Rachel turned on her side and looked at the little boat resting upside down beside the wagon. Under it, she knew, were a few provisions and some blankets. Then she spoke again.
"It'll take at least five days for you to reach the place you want to go. I'll take the baby in the boat and row downstream in one day if all goes well. If it doesn't…." She shrugged her thin shoulders and looked at her husband with clear grey eyes. "I'll be there three or four days ahead of you. The baby and I will rest by the river until you get there."
Louis knew there was no changing her stubborn Irish mind. So it would be and it happened that there would be two babies to accompany her in the boat – the baby Hubert and an orphaned piglet that Rachel knew would not live unless it had the care that only a mother can give.
Morning light saw them all astir. It took a little time to make the final break and as the livestock stepped easily along in the wake of the wagons it seemed they were even glad to be on the move again. Lush grass was everywhere – the people called it "prairie wool" – and water filled slough and hollow. They would fatten on the way.

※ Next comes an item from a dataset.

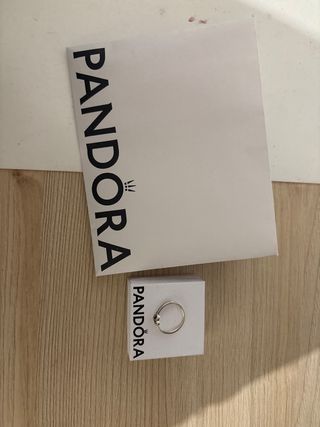 Anillo Pandora Corazón Plata y pulsera corazones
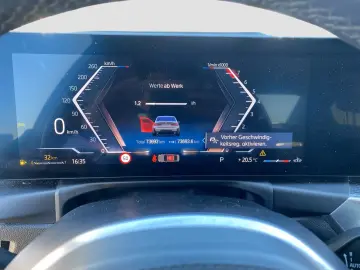 BMW 330 i M Sport Pro HeadUp Memory H&K 19  Kam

Indeed it was a pleasant time. It was June again, warm and clam. Flies and mosquitoes had not hatched yet in any noticeable numbers and, except for one sharp shower which soaked them to the skin, the sky stayed clear and blue. Forage for the horses and cattle was everywhere, knee high prairie wool. Buffalo, of course, had long since disappeared from the prairie but there were deer, both mule deer and flagtails, in the river breaks and scattered throughout the hills above. Antelope, fleet of foot, fled from the wagons to stand alert and ready on the highest hill a safe distance away. Every slough and hollow was full of waterfowl. Mallard ducks nested at the edges of the water or in the buckbrush a short distance away, while their mates, the big drakes, preened their fancy, iridescent feathers. Occasionally a pair of Canada geese flew overhead, the gander softly honking as he led his goose to last year's nesting place. And on the prairie, always a circle on a grassy knoll, the sharp-tailed grouse, the "prairie chickens" danced a tireless dance, a thump of wing falling heavy on the morning air. Perky little killdeer dashed higher and yon, calling as they ran, "Killdeer. Killdeer. Killdeer." And of course there were the meadowlarks singing, rain or shine, the selfsame tune, "Spring-is-here-again". Over and over they trilled as though they could not turn off the glad refrain. "Spring-is-here-again. Spring-is-here-again."

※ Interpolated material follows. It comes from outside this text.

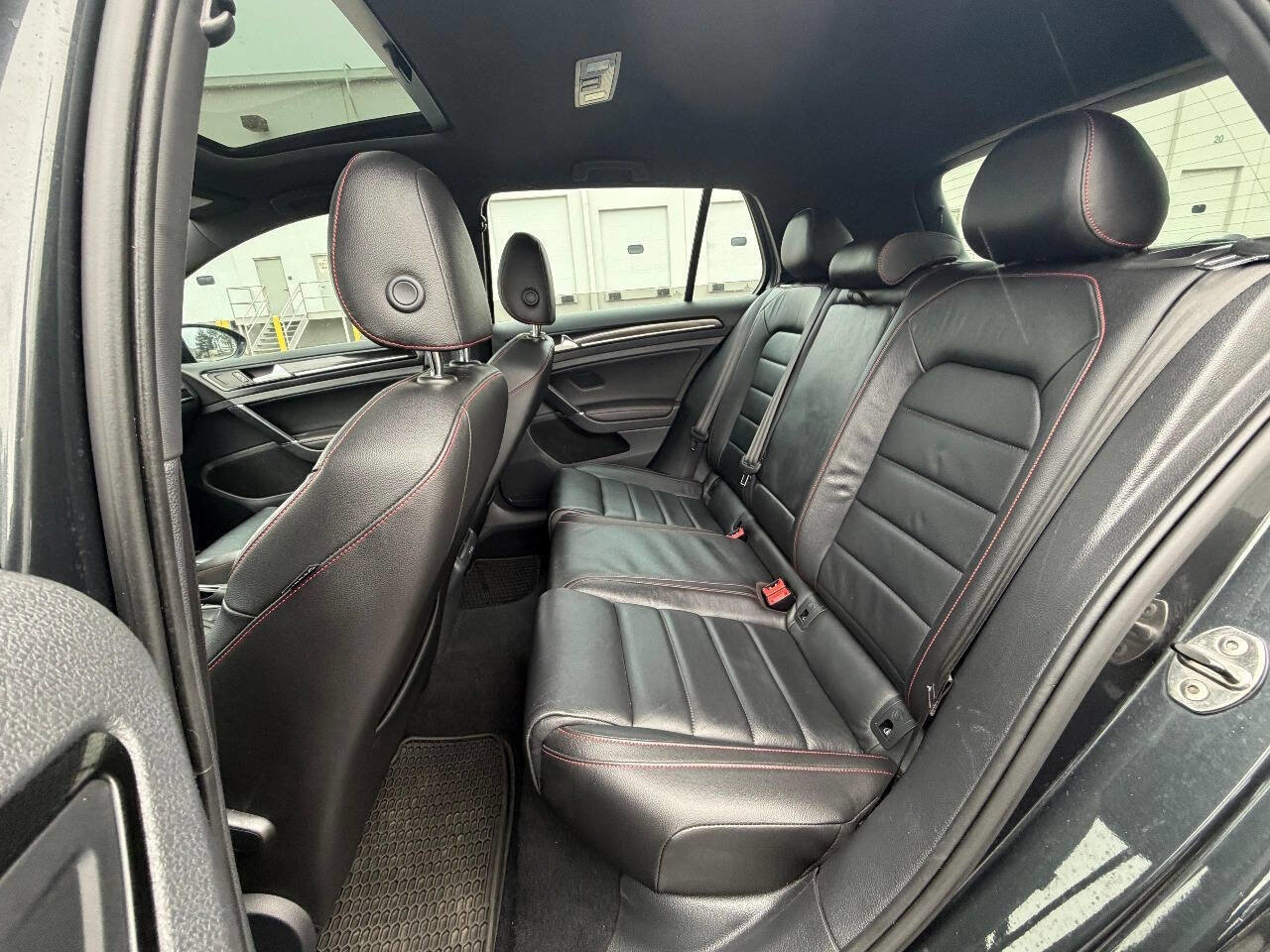 Used 2017 Volkswagen GTI SE image 15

The man looked at the blue sky above and at the buttercups at his feet. He looked at his children and at all his worldly belongings spread out behind him as he sang an Indian love song. Of the family, only Leslie inherited his father's musical talents and now he joined in, his sweet boy-voice complimenting his father's deep bass.
"There once was an Indian maid, a shy little prairie maid
She sang all day a love song gay as o'er the fields
She whiled away the days.
She loved a warrior bold, this shy little maid of old
But brave and gay he rode one day
To a battle far away."
Then Nellie and the younger ones added their voices to the chorus, lusty though not exactly in tune.
"Oh the moon shines tonight on pretty Red Wing.
The breezes sighing. The night birds crying.
Far away beneath the stars her warrior's sleeping
While Red Wing's weeping her heart away."
The cattle slowed their progress. Log evenings were spent around the campfires and sometimes they were dark with smoke if, perchance, it happened that the only fuel was buffalo chips. But no matter! They were entertained or entertained themselves. Rachel and her young ones seemed far away during the day but after the blankets were spread under the wagon and his family was sound asleep, Louis' thoughts turned to his wife and littlest one of all. He would be glad to see them again. He knew very well the competence of Rachel but till he had feared for her as she rowed the boat around a bend in the river and out of his sight, just a tiny spot in a wide long ribbon of blue. What if the boat upset? There could be bears in the dense tree growth along the river. But there was nothing he could do now but push on toward the elbow in the river. He would find her there. But occasionally the soft night noises would be abruptly broken by the spine-chilling ail of a coyote and, although the man knew there was nothing to fear from them, the sound sent shivers running up and down his spine. Eventually sleep came and all too soon it was time to be up and on the move.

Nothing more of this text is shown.